The Big Guy’s Back Door Tesla Subsidy
The Big Guy’s Back Door Tesla Subsidy
[EPA finds a convoluted way to expand ethanol subsidies to boost EVs.]
By The Editorial Board of Wall Street Journal
Dec. 29, 2022
Tesla’s stock market value has plunged by some $850 billion this year amid investor worries over Elon Musk’s Twitter takeover and slumping demand for its electric vehicles. But lo, the Biden Administration is coming to Mr. Musk’s aid with a new plan to use the renewable fuel program in a way that subsidizes Teslas and other already subsidized EVs.
Congress’s ethanol mandate offers a case study in the political difficulty of weaning industries off government support—and how regulators can revamp programs to serve new political ends. Politicians of both parties rallied around the renewable fuel standard (RFS) in 2005 as a way to boost U.S. energy independence and reduce CO2 emissions. It has done the opposite.
The RFS requires refiners to blend increasing amounts of biofuels into their products. Refiners keep crashing into the so-called blend wall—the amount of ethanol U.S. vehicles and energy infrastructure can handle. Ethanol blends higher than 10% can corrode engines and gas-station tanks. As vehicles have become more fuel efficient, it has become harder for refiners to comply.
Large refiners have started producing “advanced” biofuels while smaller ones must buy credits known as Renewable Identification Numbers (RINs). Increasing compliance costs have driven several small refiners to shut down. A refining shortage, especially on the East Coast, is a major reason prices for gasoline and diesel shot up early in the summer far more than for crude.
The Biden EPA’s back-door EV subsidy will compound these problems. EPA is proposing to increase the overall RFS to 22.68 billion gallons in 2025 from 20.63 billion this year. The cellulosic ethanol component—which EPA in the past has repeatedly revised down because production has fallen far short of its ethereal mandates—will climb to 2.13 billion gallons from 630 million.
Here’s the kicker: Refiners will be allowed and by necessity required to comply with these mandates by buying “eRINs” credits from EV manufacturers. “While the production of liquid cellulosic biofuel has remained limited in recent years,” EPA says, “the inclusion of eRINs into the program affords another opportunity for dramatic growth of cellulosic biofuel.”

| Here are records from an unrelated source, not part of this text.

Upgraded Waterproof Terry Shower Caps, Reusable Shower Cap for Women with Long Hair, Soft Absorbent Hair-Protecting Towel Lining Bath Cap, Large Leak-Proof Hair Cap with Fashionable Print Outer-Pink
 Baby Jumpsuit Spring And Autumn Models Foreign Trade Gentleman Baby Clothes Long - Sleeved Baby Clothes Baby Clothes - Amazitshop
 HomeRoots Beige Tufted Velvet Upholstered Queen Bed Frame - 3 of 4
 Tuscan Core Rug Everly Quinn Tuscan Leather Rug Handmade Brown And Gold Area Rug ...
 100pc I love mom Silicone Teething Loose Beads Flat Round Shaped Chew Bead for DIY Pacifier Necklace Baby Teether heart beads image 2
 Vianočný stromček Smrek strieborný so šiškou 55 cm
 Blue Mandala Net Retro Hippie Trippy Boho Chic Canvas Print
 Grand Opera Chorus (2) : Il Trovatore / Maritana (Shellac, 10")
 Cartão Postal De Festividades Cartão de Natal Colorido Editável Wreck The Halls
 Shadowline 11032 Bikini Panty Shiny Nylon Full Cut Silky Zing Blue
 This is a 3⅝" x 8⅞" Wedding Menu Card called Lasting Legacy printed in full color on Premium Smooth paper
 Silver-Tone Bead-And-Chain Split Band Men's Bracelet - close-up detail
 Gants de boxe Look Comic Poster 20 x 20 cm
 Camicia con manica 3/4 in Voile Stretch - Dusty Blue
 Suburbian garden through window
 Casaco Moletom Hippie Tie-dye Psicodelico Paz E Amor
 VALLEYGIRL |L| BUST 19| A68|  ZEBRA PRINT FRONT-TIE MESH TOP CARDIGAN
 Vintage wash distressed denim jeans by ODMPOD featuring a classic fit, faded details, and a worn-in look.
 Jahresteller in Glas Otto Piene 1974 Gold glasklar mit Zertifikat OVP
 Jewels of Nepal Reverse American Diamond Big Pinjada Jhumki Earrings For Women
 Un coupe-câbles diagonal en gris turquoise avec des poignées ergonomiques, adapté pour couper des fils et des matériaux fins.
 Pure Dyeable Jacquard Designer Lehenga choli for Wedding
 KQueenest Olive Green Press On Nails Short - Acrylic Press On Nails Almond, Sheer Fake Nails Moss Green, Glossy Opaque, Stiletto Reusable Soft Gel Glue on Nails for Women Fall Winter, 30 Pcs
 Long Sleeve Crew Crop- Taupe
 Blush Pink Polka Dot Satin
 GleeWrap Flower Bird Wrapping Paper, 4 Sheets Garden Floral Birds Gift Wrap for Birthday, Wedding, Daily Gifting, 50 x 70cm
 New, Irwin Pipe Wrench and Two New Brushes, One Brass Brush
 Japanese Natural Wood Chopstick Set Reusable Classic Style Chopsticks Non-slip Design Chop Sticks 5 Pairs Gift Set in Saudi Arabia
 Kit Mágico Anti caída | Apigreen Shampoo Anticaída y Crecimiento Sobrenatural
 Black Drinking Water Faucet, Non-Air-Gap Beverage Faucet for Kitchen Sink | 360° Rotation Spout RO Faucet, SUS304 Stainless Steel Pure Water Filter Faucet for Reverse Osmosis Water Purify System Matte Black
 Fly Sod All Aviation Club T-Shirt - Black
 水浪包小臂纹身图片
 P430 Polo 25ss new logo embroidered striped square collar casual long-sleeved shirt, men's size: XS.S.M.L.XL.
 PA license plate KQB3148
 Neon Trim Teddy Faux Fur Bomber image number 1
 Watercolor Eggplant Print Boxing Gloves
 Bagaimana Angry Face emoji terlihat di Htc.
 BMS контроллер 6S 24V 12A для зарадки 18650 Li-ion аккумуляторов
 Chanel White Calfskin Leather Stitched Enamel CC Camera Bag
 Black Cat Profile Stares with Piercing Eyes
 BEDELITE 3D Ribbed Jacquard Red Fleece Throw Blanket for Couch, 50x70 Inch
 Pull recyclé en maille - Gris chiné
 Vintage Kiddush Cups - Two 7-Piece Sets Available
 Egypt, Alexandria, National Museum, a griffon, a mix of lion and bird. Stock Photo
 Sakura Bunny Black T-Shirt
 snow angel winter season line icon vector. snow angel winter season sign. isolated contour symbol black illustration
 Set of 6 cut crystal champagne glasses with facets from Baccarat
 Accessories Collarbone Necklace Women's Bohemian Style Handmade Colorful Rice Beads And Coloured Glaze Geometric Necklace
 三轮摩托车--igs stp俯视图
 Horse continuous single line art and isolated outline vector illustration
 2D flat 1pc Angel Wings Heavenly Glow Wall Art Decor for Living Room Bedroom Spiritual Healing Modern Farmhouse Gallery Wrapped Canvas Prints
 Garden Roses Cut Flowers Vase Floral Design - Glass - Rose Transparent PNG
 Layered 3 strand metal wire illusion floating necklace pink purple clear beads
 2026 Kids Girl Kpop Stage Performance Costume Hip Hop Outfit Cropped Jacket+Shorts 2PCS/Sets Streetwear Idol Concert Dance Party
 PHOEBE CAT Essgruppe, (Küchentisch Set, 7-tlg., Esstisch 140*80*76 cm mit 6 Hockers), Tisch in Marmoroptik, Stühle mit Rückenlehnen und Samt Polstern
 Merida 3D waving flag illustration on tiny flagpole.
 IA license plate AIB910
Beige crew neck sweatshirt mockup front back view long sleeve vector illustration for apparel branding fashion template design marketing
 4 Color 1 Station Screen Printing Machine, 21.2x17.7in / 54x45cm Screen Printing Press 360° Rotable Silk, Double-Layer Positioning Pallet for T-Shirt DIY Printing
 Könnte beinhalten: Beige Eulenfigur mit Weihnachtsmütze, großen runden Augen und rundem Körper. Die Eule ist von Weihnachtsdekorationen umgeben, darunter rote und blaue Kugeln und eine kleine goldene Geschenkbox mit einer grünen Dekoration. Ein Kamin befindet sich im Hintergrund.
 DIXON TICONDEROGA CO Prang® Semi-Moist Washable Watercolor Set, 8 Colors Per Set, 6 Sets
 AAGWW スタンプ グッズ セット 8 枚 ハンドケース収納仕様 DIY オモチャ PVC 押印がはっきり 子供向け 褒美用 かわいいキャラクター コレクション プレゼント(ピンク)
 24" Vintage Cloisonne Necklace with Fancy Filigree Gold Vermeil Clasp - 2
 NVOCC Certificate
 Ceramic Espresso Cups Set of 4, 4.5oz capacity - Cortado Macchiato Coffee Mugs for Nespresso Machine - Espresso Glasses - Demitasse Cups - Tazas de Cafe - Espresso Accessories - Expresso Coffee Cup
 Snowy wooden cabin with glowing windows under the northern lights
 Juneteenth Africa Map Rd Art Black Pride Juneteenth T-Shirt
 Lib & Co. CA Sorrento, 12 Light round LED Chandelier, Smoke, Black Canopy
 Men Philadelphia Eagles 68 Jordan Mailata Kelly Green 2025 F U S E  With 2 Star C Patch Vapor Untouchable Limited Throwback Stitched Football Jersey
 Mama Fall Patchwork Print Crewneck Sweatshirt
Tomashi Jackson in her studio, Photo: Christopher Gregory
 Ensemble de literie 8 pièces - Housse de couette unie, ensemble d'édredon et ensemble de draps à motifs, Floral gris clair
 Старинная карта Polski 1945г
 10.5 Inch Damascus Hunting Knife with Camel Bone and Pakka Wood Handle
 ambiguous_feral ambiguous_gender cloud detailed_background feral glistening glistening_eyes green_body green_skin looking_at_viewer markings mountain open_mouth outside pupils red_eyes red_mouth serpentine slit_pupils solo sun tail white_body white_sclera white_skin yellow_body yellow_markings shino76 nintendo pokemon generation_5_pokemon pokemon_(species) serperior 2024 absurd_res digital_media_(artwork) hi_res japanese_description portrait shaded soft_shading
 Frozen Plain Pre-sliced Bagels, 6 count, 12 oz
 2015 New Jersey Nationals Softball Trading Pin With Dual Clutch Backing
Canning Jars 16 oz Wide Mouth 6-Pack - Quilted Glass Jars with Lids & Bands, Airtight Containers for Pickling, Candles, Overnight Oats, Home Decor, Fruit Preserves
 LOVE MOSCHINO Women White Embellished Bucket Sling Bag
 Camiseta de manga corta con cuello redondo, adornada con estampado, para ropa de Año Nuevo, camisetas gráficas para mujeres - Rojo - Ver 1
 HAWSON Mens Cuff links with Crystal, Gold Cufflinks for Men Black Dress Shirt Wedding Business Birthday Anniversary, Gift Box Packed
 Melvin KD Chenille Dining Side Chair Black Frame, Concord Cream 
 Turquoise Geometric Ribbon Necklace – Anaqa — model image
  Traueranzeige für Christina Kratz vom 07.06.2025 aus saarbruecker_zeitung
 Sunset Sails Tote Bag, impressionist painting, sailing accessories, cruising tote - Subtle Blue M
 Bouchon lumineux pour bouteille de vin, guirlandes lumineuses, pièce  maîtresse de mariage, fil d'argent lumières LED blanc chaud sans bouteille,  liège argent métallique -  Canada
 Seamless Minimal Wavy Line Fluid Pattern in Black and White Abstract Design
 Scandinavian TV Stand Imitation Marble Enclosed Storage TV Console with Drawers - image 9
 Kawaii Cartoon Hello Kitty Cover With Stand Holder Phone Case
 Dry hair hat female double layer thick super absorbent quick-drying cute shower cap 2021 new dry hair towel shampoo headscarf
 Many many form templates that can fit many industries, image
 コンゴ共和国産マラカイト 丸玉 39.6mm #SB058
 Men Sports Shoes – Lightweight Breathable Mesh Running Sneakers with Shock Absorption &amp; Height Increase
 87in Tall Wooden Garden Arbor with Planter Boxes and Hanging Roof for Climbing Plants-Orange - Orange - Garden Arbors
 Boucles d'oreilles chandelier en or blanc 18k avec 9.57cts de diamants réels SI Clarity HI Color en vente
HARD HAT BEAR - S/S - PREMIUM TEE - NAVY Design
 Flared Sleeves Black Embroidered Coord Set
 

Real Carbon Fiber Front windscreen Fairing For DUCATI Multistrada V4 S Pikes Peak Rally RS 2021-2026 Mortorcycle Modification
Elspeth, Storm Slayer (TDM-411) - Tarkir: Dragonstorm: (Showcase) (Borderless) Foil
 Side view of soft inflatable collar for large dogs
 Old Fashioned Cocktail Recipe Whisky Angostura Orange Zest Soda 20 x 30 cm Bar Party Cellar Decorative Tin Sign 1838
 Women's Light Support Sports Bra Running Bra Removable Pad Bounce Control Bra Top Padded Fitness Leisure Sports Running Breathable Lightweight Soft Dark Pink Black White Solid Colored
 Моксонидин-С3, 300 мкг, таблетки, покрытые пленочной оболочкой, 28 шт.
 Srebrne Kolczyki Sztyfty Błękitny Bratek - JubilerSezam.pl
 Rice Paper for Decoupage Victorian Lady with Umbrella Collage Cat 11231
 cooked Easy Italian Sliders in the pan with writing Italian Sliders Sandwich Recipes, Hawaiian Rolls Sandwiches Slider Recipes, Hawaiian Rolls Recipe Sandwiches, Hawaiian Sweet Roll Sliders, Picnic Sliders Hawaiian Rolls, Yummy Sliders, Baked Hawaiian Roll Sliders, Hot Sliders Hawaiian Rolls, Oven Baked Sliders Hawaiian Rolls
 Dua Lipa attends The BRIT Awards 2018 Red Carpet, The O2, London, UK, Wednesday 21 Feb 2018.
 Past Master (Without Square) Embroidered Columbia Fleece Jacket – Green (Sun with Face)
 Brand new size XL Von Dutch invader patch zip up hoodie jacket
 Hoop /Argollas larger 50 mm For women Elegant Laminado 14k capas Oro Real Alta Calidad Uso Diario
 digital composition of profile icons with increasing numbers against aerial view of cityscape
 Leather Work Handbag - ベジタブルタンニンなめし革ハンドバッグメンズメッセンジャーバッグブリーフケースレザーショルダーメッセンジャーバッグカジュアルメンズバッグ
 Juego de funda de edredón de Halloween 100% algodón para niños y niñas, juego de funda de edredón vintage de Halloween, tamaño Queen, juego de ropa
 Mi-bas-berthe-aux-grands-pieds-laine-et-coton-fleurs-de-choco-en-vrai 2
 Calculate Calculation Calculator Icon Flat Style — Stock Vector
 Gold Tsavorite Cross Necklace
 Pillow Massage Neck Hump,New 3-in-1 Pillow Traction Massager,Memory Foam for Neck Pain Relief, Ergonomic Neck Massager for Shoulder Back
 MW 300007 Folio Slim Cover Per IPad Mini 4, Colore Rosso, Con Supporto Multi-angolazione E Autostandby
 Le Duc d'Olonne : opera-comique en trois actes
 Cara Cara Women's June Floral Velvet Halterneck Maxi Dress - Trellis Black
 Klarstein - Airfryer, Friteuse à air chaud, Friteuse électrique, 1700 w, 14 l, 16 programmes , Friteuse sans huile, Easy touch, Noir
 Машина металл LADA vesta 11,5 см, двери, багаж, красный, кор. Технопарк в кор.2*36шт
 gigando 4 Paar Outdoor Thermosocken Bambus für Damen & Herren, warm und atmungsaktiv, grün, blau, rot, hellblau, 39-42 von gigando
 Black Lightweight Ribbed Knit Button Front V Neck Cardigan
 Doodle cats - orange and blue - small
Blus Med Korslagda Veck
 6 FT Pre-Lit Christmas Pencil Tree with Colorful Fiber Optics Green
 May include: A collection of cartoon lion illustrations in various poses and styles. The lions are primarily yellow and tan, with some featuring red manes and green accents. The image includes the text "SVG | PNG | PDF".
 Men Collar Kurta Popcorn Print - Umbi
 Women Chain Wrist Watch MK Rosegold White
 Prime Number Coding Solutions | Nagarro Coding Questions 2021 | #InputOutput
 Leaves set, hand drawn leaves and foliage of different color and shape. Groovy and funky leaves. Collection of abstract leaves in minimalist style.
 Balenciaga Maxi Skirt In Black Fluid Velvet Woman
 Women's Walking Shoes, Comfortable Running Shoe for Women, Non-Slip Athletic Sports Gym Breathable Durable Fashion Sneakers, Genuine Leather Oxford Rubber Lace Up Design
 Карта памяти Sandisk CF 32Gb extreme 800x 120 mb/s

Not really. The proposal is one more way to boost EV margins at the likes of Tesla, which lobbied for inclusion in the RFS. As EPA explains, the new eRINs credits will “incentivize activities that can increase electrification of the fleet, which could include lowering the cost of EVs and/or increasing the availably [sic] of public access charging infrastructure.”
The details of the scheme would win a Rube Goldberg award. Electricity isn’t a renewable fuel per se, but EPA says that methane digesters from landfills and dairy farms can generate “biogas” that can generate electricity that can power EVs. EPA, however, concedes there’s no way to distinguish electricity made from cow manure and trash from coal or solar power.
So EPA proposes that auto makers submit data on their EV fleet size, typical drivers’ mileage and battery charging efficiency, among other things, for the agency to plug into an algorithm that spits out eRINs to sell to refiners. Tesla is expected to be the program’s biggest beneficiary because it has the most EVs on the road.
The more EVs that auto makers sell, the more credits they will generate. Meantime, the Administration’s rising fuel economy mandates will make it harder for refiners to comply with the increasing renewable-fuel mandates. That means refiners will have to buy more eRINs and will pass on the costs via higher gas prices.
In sum, the Administration is proposing another huge wealth transfer from folks who drive gas-powered cars to Tesla and other makers of electric vehicles.